Pennsylvania Dutch Dioramas of Abner & Aaron Zook
August 12 – November 7, 2015
Reception: Sunday, September 13, 2:00-4:00 p.m.
See 18th century immigrant ships arriving at the port of Philadelphia. Witness the human and mechanical drama of the wheat harvest on a Pennsylvania Dutch farm in the early 20th century. See the smoke belching from the steam-powered tractor on the barn hill. Watch the action of a traditional barn-raising. Sense the excitement of a rural farm family in a large farm sleigh crossing over a bridge in a snow-covered scene.
Twins Abner K. Zook and Aaron K. Zook were raised in an Old Order Amish family in Leacock Township, Lancaster County, PA. Abner Zook (1921-2010), later of near Womelsdorf, made over 800 framed dioramas in his lifetime. Aaron also became a 3-D artist. As children, the boys would compete to see who could make better toys and watercolor pictures. This sense of competition followed them through adulthood, as the twins were in constant competition to see who could make bigger or better dioramas.
Abner’s works are a combination of painting and sculpture. In the dioramas, the buildings, figures, trees, carriages, and other objects are sculpted. They are made out of various materials, from steel wool and copper wire to auto body repair putty. The paintings have a brilliant use of depth and perspective that create a scene that looks true to life.
Zook’s intricate paintings are action based and tell a story. The dioramas settings take place in the Amish and Mennonite communities of Lancaster County around the turn-of-the 19th century. They include scenes from daily life such as seasonal farm work, public auctions, barn raisings, and a blacksmith shop. But they could also represent traditional Pennsylvania German farm scenes of Bucks and Montgomery Counties.

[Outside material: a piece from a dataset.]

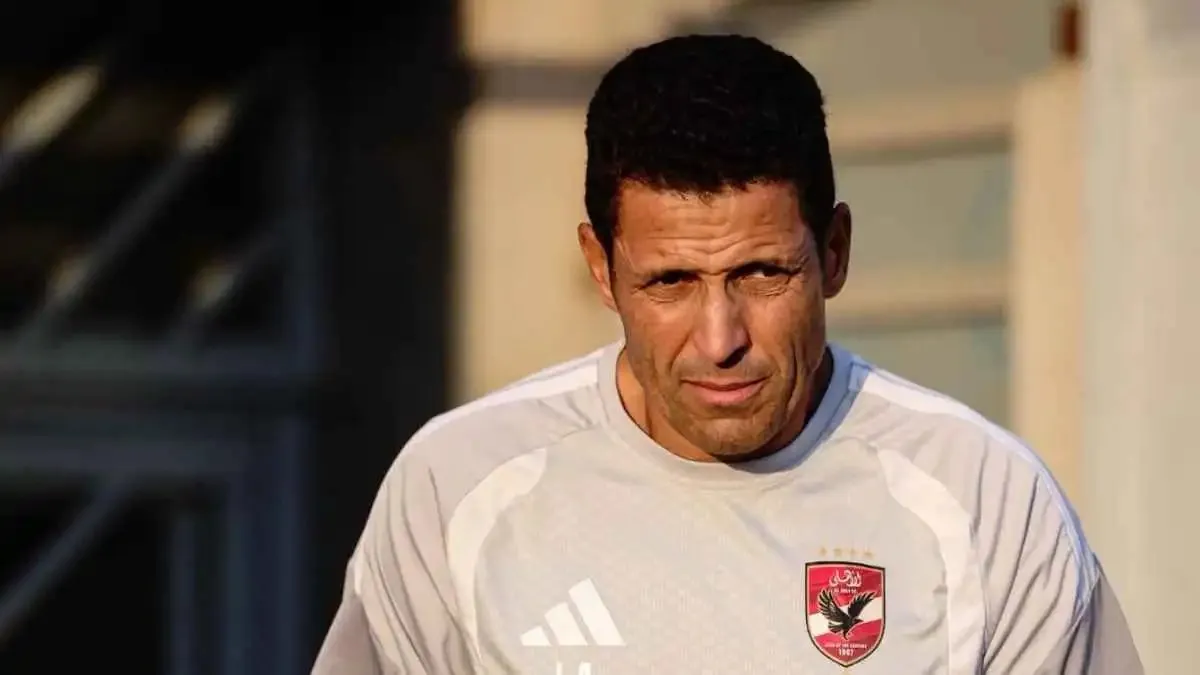 رغم إشادة زملائه.. عموتة يرفض منح لاعب الأهلي الفرصة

Twin brother Aaron K. Zook (1921-2003) lived and worked in Kinzers, Lancaster County. A three-dimensional artist for 25 years, Aaron had studios at his home and at Plain & Fancy Farm Restaurant, in Bird-in-Hand. Besides his diorama work, he enjoyed worldwide travels.
The pieces in the show are selected from the collection of James J. and Nancy Binsberger of near Blooming Glen, the largest known collection of Zook dioramas.